## PROBLEM STATEMENT
Your job is to give again, exactly and with no additions, the lines in the records below from the one with "Charlie Sheen sa" through the one with "Rail Trail Cottage - Accommodation Yamba 2", both included. Omit the pictures.

## SUPPLIED ENTRIES
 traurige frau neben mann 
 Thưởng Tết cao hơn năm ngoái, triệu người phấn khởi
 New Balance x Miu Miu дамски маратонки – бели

==

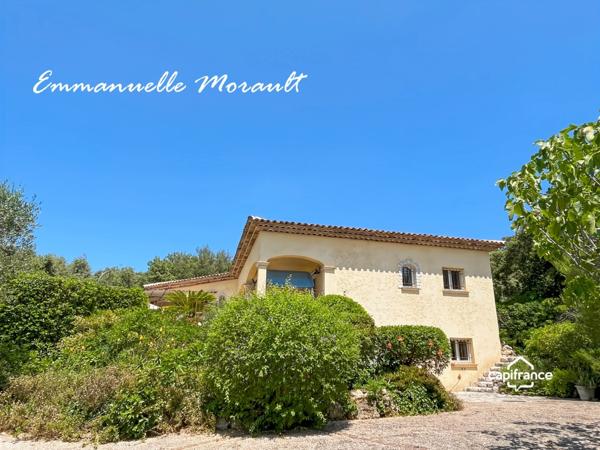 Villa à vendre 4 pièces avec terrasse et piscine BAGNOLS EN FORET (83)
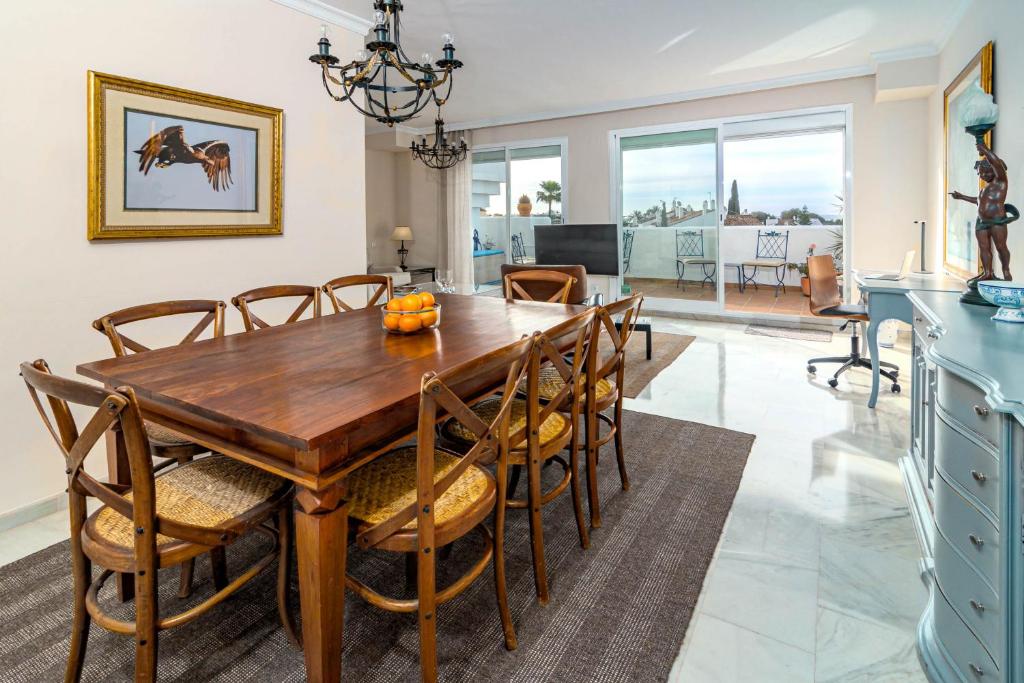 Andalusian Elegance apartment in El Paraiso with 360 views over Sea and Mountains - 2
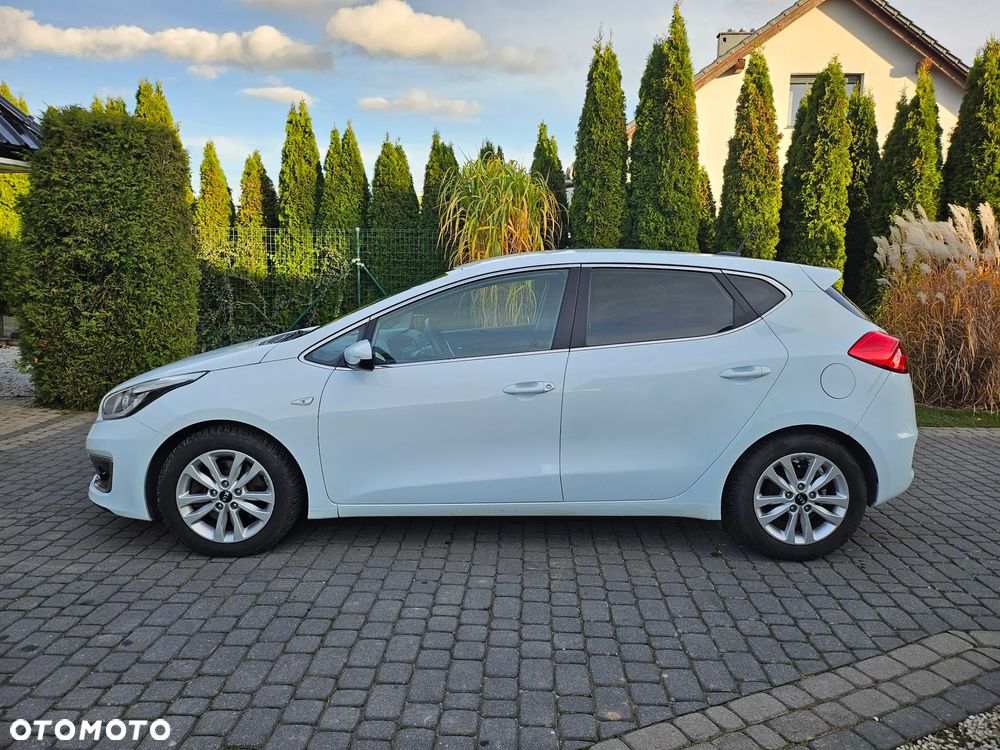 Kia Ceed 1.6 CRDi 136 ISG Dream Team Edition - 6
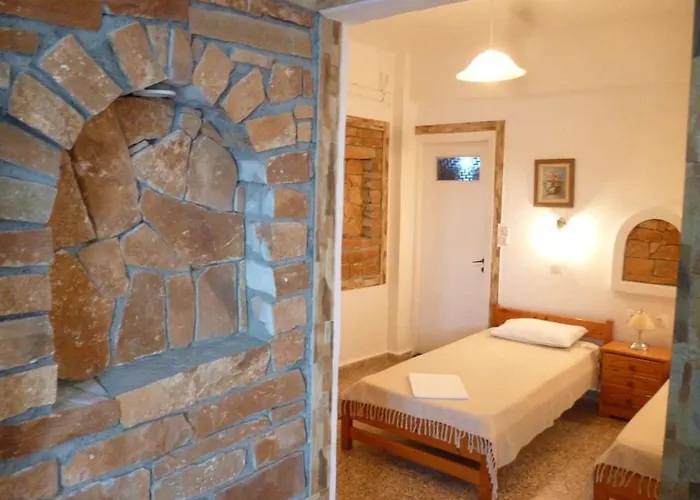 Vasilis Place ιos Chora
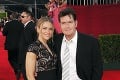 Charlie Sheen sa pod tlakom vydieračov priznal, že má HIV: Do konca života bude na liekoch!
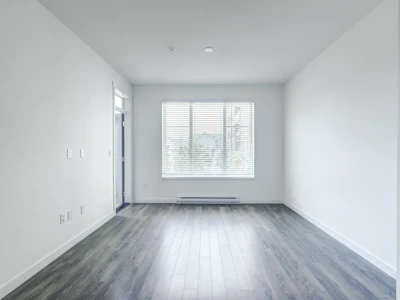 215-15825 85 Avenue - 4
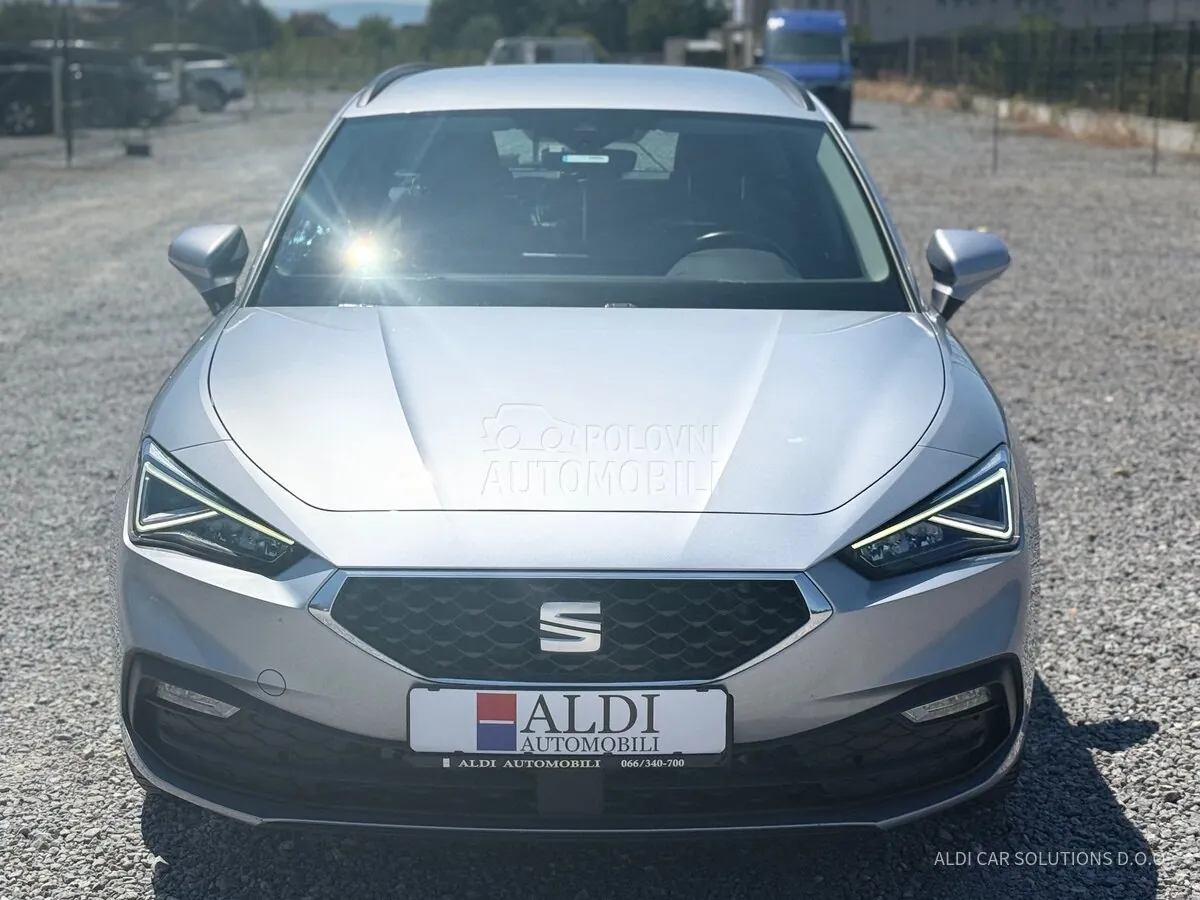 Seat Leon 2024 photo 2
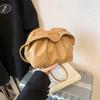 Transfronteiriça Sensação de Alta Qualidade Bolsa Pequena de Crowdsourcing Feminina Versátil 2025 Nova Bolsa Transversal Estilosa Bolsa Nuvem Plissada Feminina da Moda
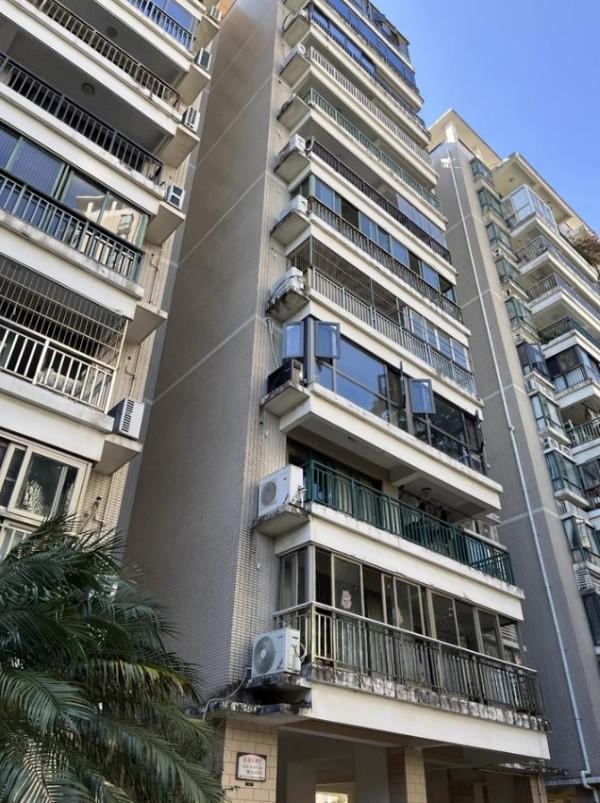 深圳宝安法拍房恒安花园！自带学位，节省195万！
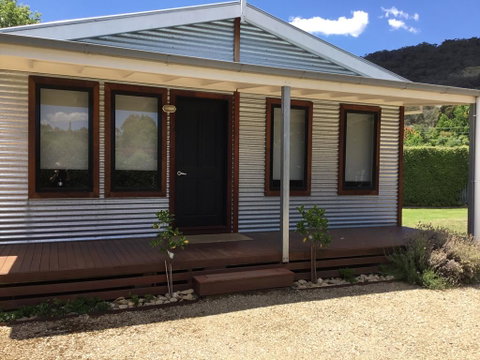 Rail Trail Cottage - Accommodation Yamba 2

## ANSWER TO THE EXERCISE
 Charlie Sheen sa pod tlakom vydieračov priznal, že má HIV: Do konca života bude na liekoch!
 215-15825 85 Avenue - 4
 Seat Leon 2024 photo 2
 Transfronteiriça Sensação de Alta Qualidade Bolsa Pequena de Crowdsourcing Feminina Versátil 2025 Nova Bolsa Transversal Estilosa Bolsa Nuvem Plissada Feminina da Moda
 深圳宝安法拍房恒安花园！自带学位，节省195万！
 Rail Trail Cottage - Accommodation Yamba 2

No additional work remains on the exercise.